(DATASET CONTENT)

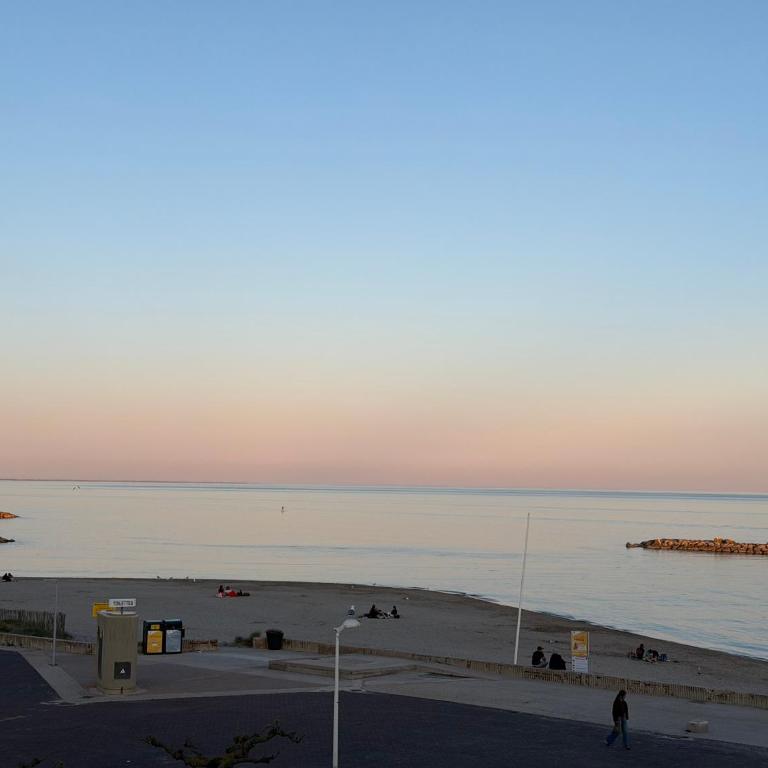 Magnifique P2 face mer, climatisé, direct plage - Appartement 1 Chambre - 19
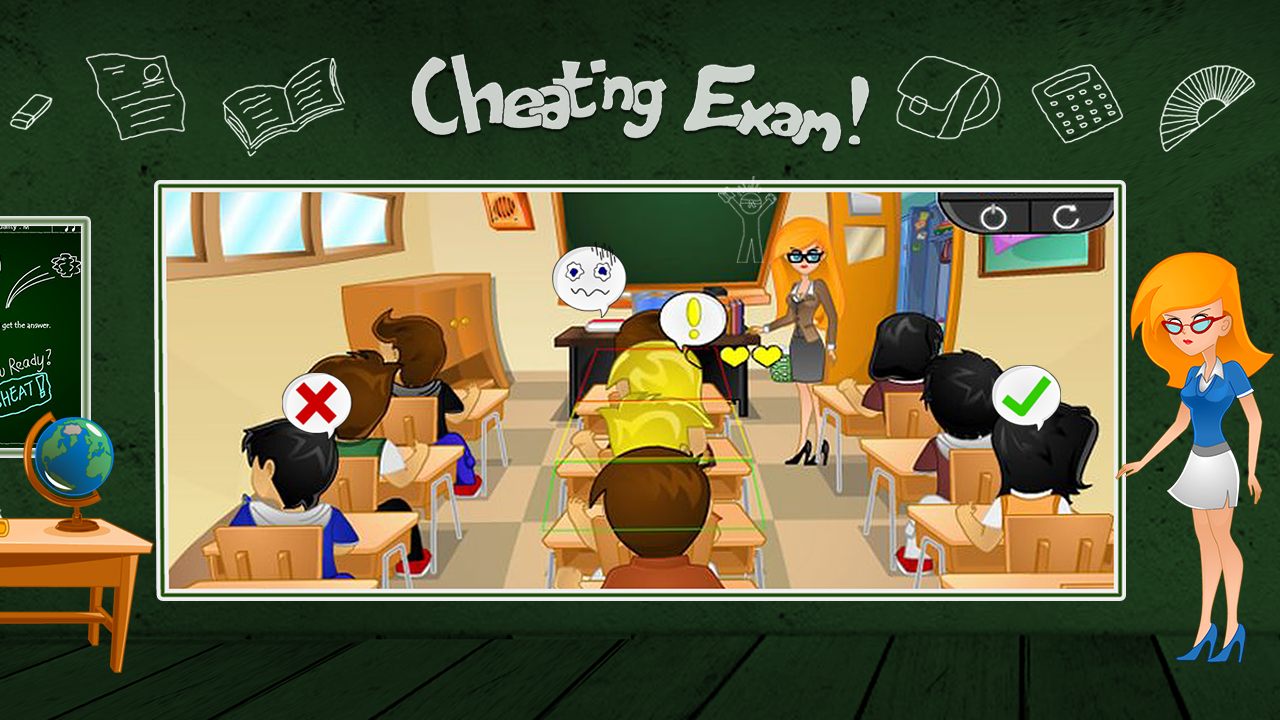 Cheating Exam thumbnail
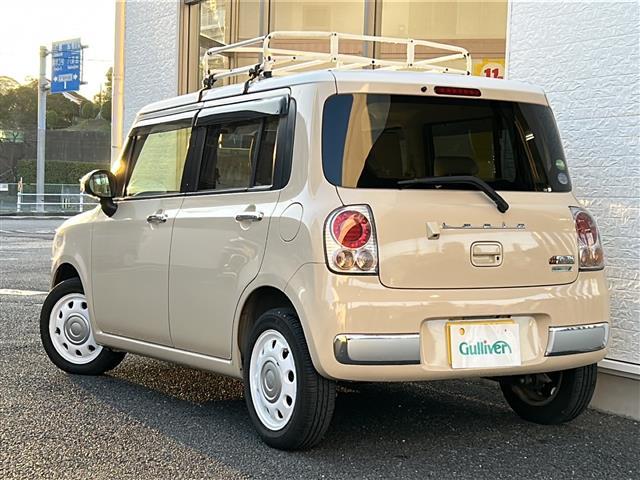 アルトラパンショコラ Ｘ　１オナ　純正ＳＤナビ　Ｂカメ　ＥＴＣ　純正１４ＡＷ（27枚目）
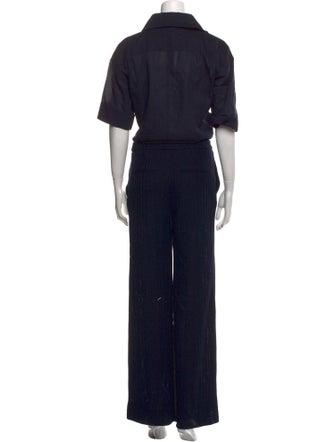 Chanel 2013 V-Neck Jumpsuit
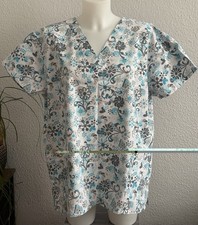 Kasack bunt mit Motiv aus Baumwolle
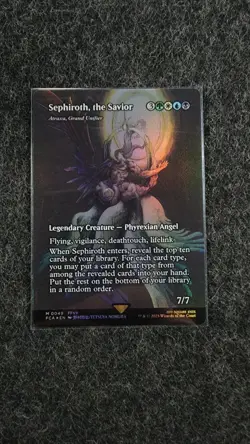 Sephiroth, the Savior - Atraxa, Grand Unifier (Showcase) Final Fantasy: Foil - Image 1
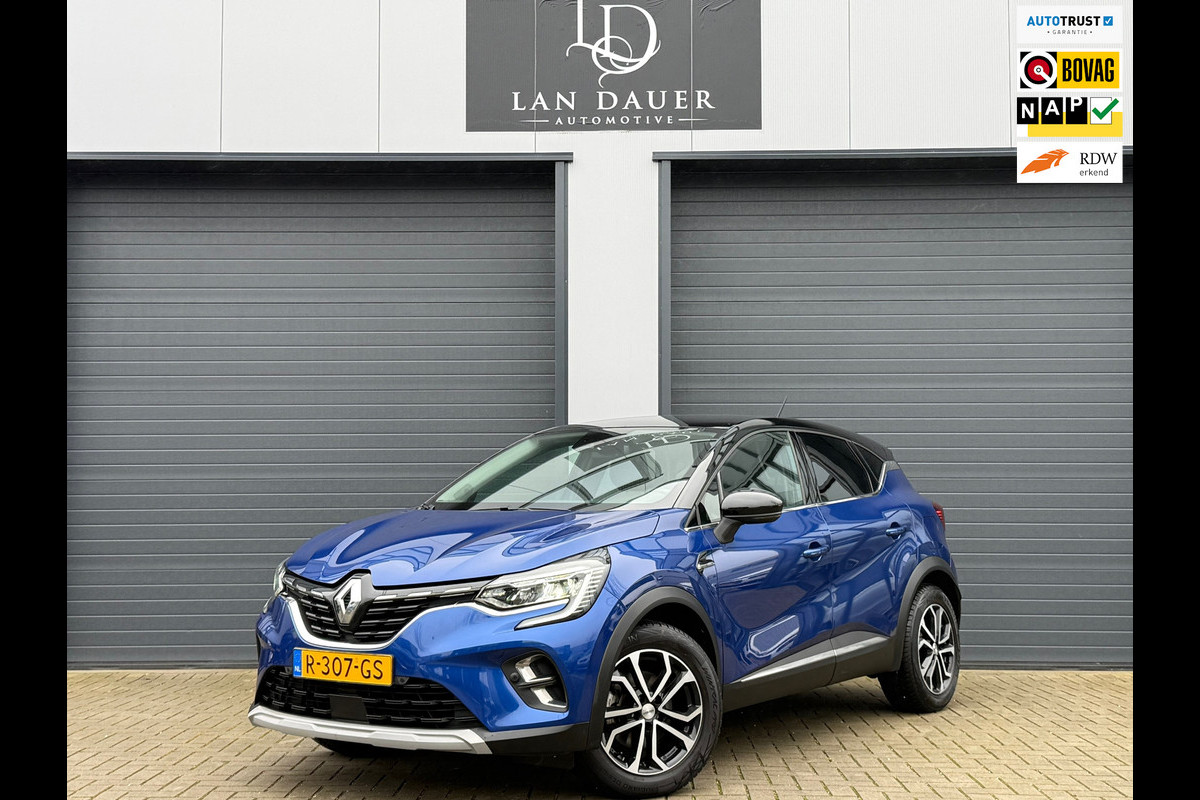 Renault Captur 1.6 E-Tech Plug-in Hybrid 160 Intens 2022 !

(End DATASET CONTENT)

- [WORK ITEM]: Everything in the records that precede this task must be written out again exactly, except the pictures.

- [REPLY]:
 Magnifique P2 face mer, climatisé, direct plage - Appartement 1 Chambre - 19
 Cheating Exam thumbnail
 アルトラパンショコラ Ｘ　１オナ　純正ＳＤナビ　Ｂカメ　ＥＴＣ　純正１４ＡＷ（27枚目）
 Chanel 2013 V-Neck Jumpsuit
 Kasack bunt mit Motiv aus Baumwolle
 Sephiroth, the Savior - Atraxa, Grand Unifier (Showcase) Final Fantasy: Foil - Image 1
 Renault Captur 1.6 E-Tech Plug-in Hybrid 160 Intens 2022 !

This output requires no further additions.